**What is being asked:**
Write out the following records exactly, each one in full.
------ Dataset
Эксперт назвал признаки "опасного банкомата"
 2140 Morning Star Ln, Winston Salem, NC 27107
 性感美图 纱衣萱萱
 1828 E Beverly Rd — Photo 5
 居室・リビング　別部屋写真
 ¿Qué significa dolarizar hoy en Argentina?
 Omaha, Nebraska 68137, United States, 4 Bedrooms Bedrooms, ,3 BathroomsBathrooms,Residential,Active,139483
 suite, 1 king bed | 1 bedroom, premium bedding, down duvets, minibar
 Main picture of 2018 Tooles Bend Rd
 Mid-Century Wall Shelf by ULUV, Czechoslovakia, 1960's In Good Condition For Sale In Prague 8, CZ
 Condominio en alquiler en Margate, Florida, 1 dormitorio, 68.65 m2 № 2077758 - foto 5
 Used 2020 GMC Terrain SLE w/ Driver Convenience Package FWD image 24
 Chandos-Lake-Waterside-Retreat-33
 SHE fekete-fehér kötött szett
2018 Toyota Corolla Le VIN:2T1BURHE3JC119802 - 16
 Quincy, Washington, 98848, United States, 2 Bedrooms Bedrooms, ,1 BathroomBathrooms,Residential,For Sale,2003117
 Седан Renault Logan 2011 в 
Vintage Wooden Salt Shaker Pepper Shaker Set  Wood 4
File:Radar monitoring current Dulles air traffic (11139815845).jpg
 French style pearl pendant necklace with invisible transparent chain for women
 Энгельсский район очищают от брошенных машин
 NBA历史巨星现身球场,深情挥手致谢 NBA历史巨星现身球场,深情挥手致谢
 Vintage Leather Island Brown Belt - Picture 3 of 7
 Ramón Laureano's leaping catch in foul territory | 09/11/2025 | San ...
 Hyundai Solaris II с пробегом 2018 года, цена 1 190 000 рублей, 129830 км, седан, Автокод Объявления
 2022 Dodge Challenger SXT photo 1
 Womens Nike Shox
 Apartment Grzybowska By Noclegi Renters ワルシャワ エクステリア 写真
------------
**Task answer:**
Эксперт назвал признаки "опасного банкомата"
 2140 Morning Star Ln, Winston Salem, NC 27107
 性感美图 纱衣萱萱
 1828 E Beverly Rd — Photo 5
 居室・リビング　別部屋写真
 ¿Qué significa dolarizar hoy en Argentina?
 Omaha, Nebraska 68137, United States, 4 Bedrooms Bedrooms, ,3 BathroomsBathrooms,Residential,Active,139483
 suite, 1 king bed | 1 bedroom, premium bedding, down duvets, minibar
 Main picture of 2018 Tooles Bend Rd
 Mid-Century Wall Shelf by ULUV, Czechoslovakia, 1960's In Good Condition For Sale In Prague 8, CZ
 Condominio en alquiler en Margate, Florida, 1 dormitorio, 68.65 m2 № 2077758 - foto 5
 Used 2020 GMC Terrain SLE w/ Driver Convenience Package FWD image 24
 Chandos-Lake-Waterside-Retreat-33
 SHE fekete-fehér kötött szett
2018 Toyota Corolla Le VIN:2T1BURHE3JC119802 - 16
 Quincy, Washington, 98848, United States, 2 Bedrooms Bedrooms, ,1 BathroomBathrooms,Residential,For Sale,2003117
 Седан Renault Logan 2011 в 
Vintage Wooden Salt Shaker Pepper Shaker Set  Wood 4
File:Radar monitoring current Dulles air traffic (11139815845).jpg
 French style pearl pendant necklace with invisible transparent chain for women
 Энгельсский район очищают от брошенных машин
 NBA历史巨星现身球场,深情挥手致谢 NBA历史巨星现身球场,深情挥手致谢
 Vintage Leather Island Brown Belt - Picture 3 of 7
 Ramón Laureano's leaping catch in foul territory | 09/11/2025 | San ...
 Hyundai Solaris II с пробегом 2018 года, цена 1 190 000 рублей, 129830 км, седан, Автокод Объявления
 2022 Dodge Challenger SXT photo 1
 Womens Nike Shox
 Apartment Grzybowska By Noclegi Renters ワルシャワ エクステリア 写真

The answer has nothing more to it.